I have to say that I am disturbed by the illusion and discussion that working for a company is somehow "sacred" because of the company's purpose or values. Companies have a fiduciary responsibility to society to act in responsible ways. Surprise! When companies actually strive to do that we're lifting them up as sacred? What?!?

When did we lose our way so badly that we look to companies to fulfill a spiritual void in our society? The answer is not in the workplace no matter how hard one looks. We've been working so hard to remove God from our lives that we're aching to find that fulfillment in weird places. I could say a lot more as a practicing Christian/Lutheran, but won't in the interest of keeping a business tone here.

Good grief people! Get a clue.
By: Jeanne D,
Sent: 12:55 PM Wed Sep.17.2008 - US

#8    Sacred Corporation??

Amen to that Jeanne D! The entire concept is ridiculous..."Organizational Sacralization" - I am laughing here. Someone is trying to make their mark among scholars and business analysts. Since when did having a defined purpose and mission become a novel business approach?

What has been sacralized is the "bottom line", "the almighty dollar". Not a new concept, but definitely a spiritual one. Come on. We don't hold the organizations sacred. We as well as these companies hold money sacred and will resort to all kinds of schemes to get it - therein lies your "fall from grace".

"For the love of money is a root of all kinds of evil." 1 Timothy 6:10 (NIV).
By: ASB ,
Sent: 07:33 AM Wed Sep.24.2008 - US

#9    A Far Stretch - At Best

One might think that the learned research team here stayed up too late in search of a theory.
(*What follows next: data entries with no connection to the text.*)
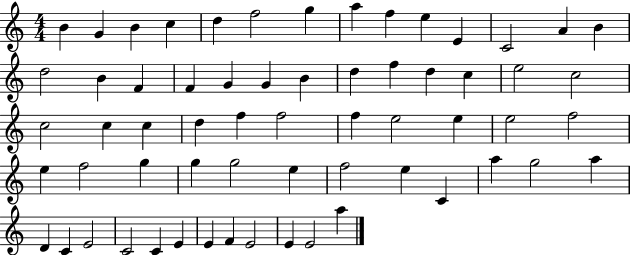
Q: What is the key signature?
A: C major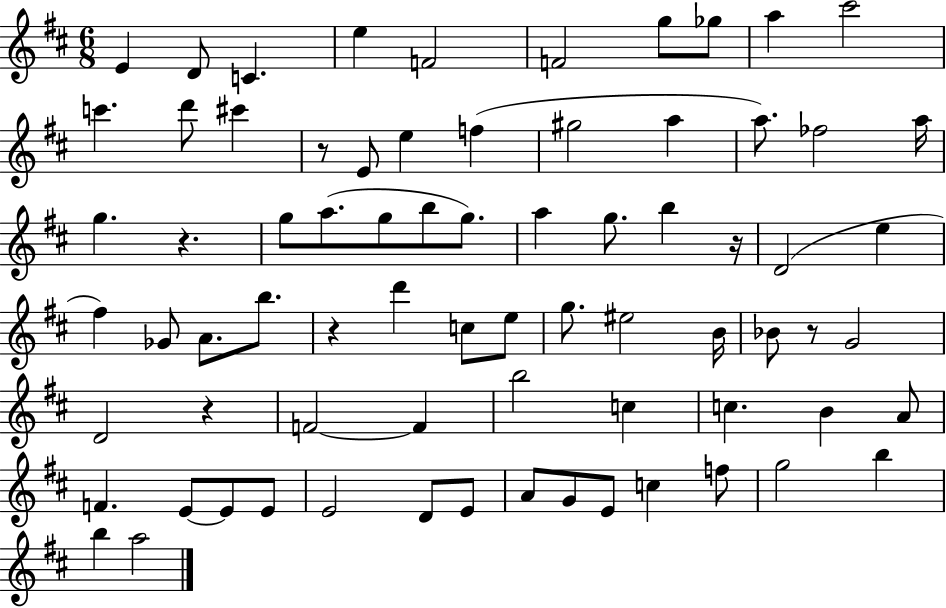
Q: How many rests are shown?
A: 6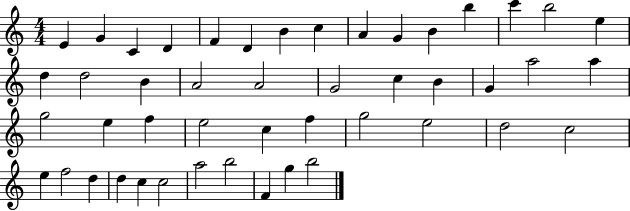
E4/q G4/q C4/q D4/q F4/q D4/q B4/q C5/q A4/q G4/q B4/q B5/q C6/q B5/h E5/q D5/q D5/h B4/q A4/h A4/h G4/h C5/q B4/q G4/q A5/h A5/q G5/h E5/q F5/q E5/h C5/q F5/q G5/h E5/h D5/h C5/h E5/q F5/h D5/q D5/q C5/q C5/h A5/h B5/h F4/q G5/q B5/h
The comparison of corporate ethics and morality to the concept of religions is, to be sure, interesting, but it is akin to calling goats and elephants siblings because they have four feet!

While corporations might "wish" for adoration among customers, prospects and employees, the mystical aspects of religion are far from their grasp. Nor does this reader think that is even their intent. Doing no harm or evil is a logical business model - simple as that. It gives the corporate team simple, easy to understand standards of behavior and practices.

What might be taking place to sway the writers' objectivity is the rampant examples of corporations doing the opposite of good, through stupidity or downright fraud, leading to an excellent opportunity to differentiate one's corporation from the pirates of industry by taking the high roads. In any event, the mixing of ideals and even adherence to the concepts of religion are not new in the business world. As an example, ServiceMaster Corporation has long been known as an enterprise of that persuasion.

Lest we have visions of corporations becoming monasteries, let's just enjoy this excursion into "over the top" thinking for what it is - a thought provocation.
By: William Thompson, Thompson Group Marketing, Principal
Sent: 12:05 AM Wed Dec.31.2008 - US

#10    Sacrilege occurs before a company's demise

More people hold religious values than do not, so it is natural for them to seek out institutions who support similar values, particularly when the values are noble. The sacrilege occurs not when the institutions show weakness, but that they aspire to 'deitize' themselves.

Two types of institutions try to anoint themselves. The most seemingly common is the one that uses words to suggest it is higher-value-based, but actually is not willing to go through much discomfort to support these values as priorities. The second is the institution that truly does believe that one can be economically successful and aggressively pursue higher-purpose value.

To become god-like, one must be perfect. To recognize that there is a higher power than us allows us and institutions to occassionally stumble. Institutions would be wise to recognize that while many of the world's religions differ on specific details, there is a great commonality with regard to shared values: love, responsibility, forgiveness, good deeds, etc. Serving the value set also allows the institution to bring in a diverse group of employees. Organizations should mold themselves as the servant of such values and not the lord (i.e., source) of all things good. Servants are allowed to fail occasionally. In an economy where service is the focus, serving is also not without economic gain.